This is just a rough, and it's a little scene from the book. I've started to write the scenes up in somewhat random order. Kinda a "whatever I'm in the mood to write" thing. Eventually I'm going to have to come up with a story arc, but for right now, this is something to keep me writing daily.

In the book, Patch is going to meet an outlaw biker. He's the Sargeant at Arms for his club, and he's going to be a big influence on the young werewolf. Of course, he's going to die terribly. This scene is intended to be their first meeting.

As a side note: When I'm writing about "Danny", I'm thinking of an old biker buddy "Denny" that I haven't seen in a long time. Denny, however, was not an outlaw (quite the opposite in fact) but a young me kinda saw him like Danny seems to think Patch sees him.

The Diner

Coffee isn't too bad. Especially for this pit. I can't help but think about Frank as I stare into the murky depths of the cup. Looking up, I see all the chrome and mirrors that is typical of a place like this - and strip clubs. Why is that? What else do diners and strip clubs have in common?

Frank screwed the pooch. Again. Every time I think he's got his shit straightened out, he manages to find a way to prove me wrong.

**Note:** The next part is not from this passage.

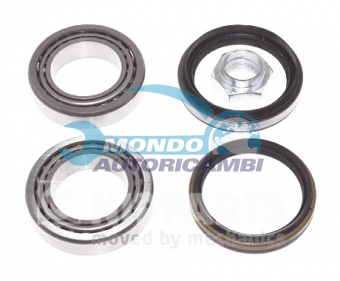 KIT CUSCINETTO RUOTA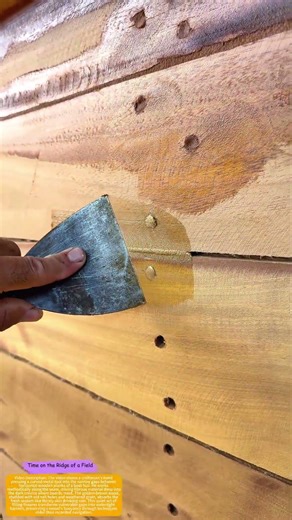 How Ancient Sealing Secrets Keep Wooden Vessels Afloat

This time he might just manage to pull the club down with him. I can't let that happen. I'm not really sure what exactly I should do about it, but I can't let the club go down. If there's one requirement of my job, that's it.

There's a mirror above the window where the cooks hand the meals out to the waitresses. It gives me a view of all the booths behind me. There's a layer of nicotine on it, but it's clear enough to see all the kids in the booths. It's about the only reason I don't mind having my back to the door. I crush out the end of my smoke, take a sip, and see who's here tonight.

There are only a few folks other than me here. It's late, but not quite bar rush yet. There's a couple in the back corner sitting together on the same side of the booth. So cute it makes me want to chuck. There's an old man sitting a bit further down the counter than me. There's that kid with the eye patch sitting by himself in a booth huddled over a cup of joe. Pretty sure I've seen him here before. That eye patch sticks out. Anyway - he's sitting in the booth adjacent to some nerdy kid.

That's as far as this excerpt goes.